'''

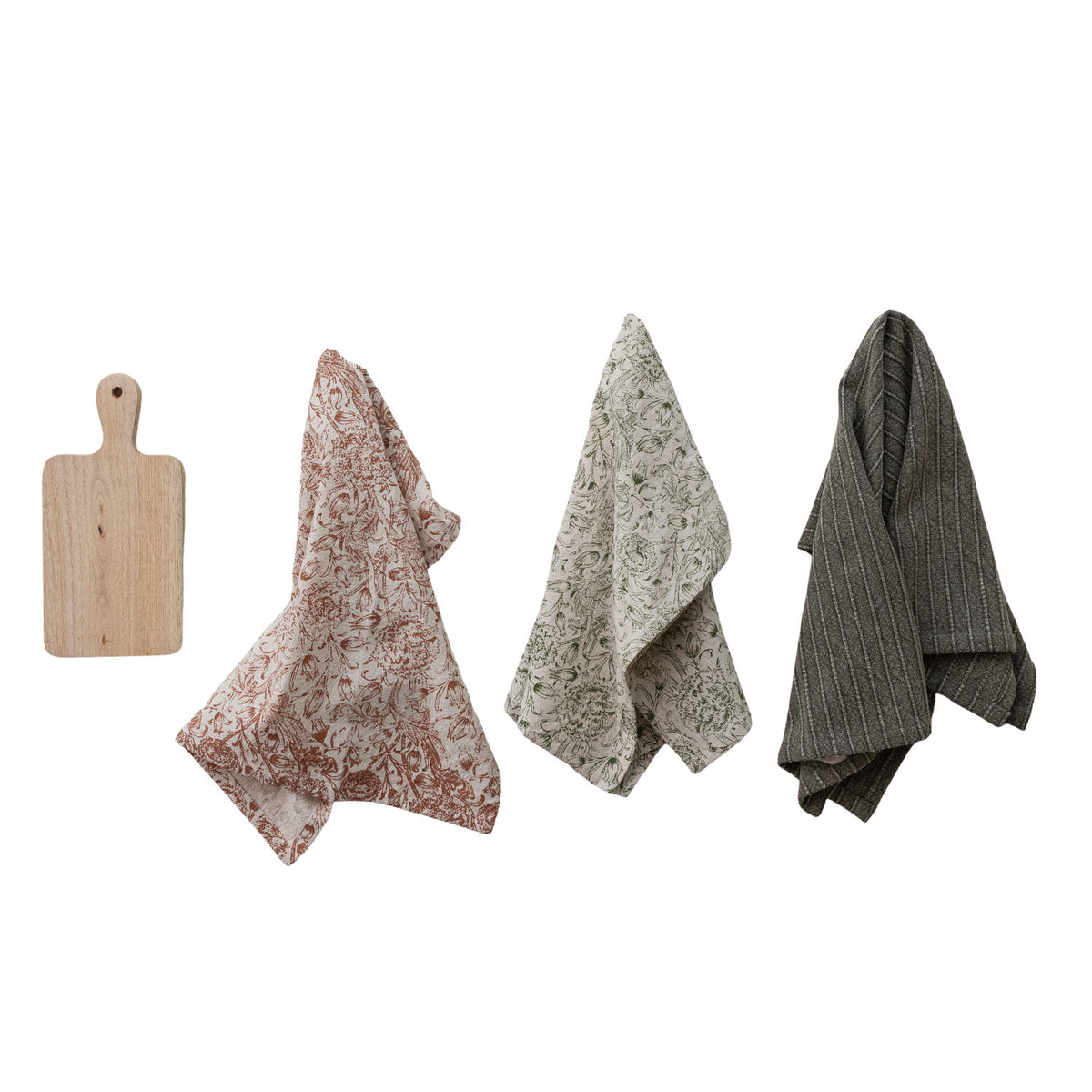 Tea Towels & Mango Wood Cheese/Serving Board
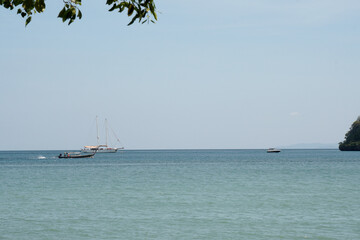 Obraz premium Landscape of Railay Beach blue sea in Railay Ao nang Krabi Thailand - sunny day summer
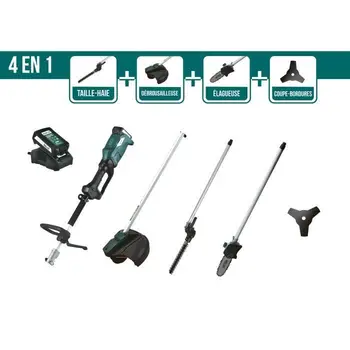 Brush Cutter multifunction tool 4 in 1 wireless MYTEK 18 V Edger, hedge trimmer, chainsaw
Brush Cutter multifunction tool 4 in 1 wireless MYTEK 18 V Edger, hedge trimmer, chainsaw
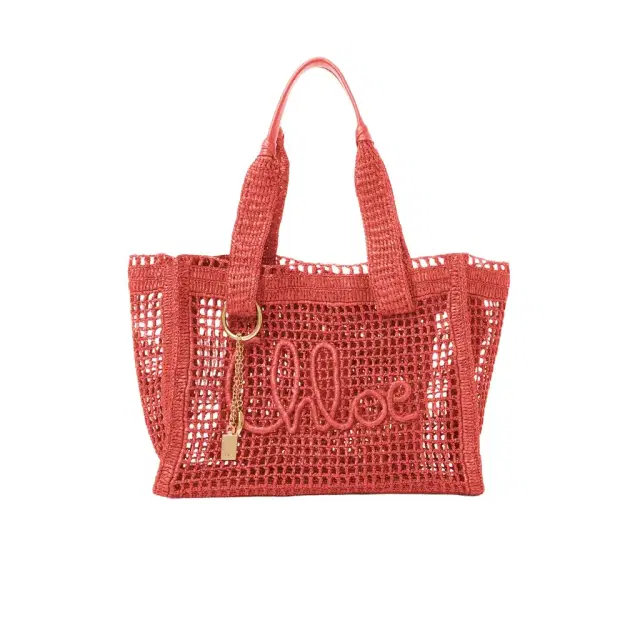 Chloé Summer Banana east-west tote bag in raffia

'''

About this task → Transcribe all lines above exactly, skipping pictures.

Reply to the exercise →
 Tea Towels & Mango Wood Cheese/Serving Board
 Obraz premium Landscape of Railay Beach blue sea in Railay Ao nang Krabi Thailand - sunny day summer
 Brush Cutter multifunction tool 4 in 1 wireless MYTEK 18 V Edger, hedge trimmer, chainsaw
Brush Cutter multifunction tool 4 in 1 wireless MYTEK 18 V Edger, hedge trimmer, chainsaw
 Chloé Summer Banana east-west tote bag in raffia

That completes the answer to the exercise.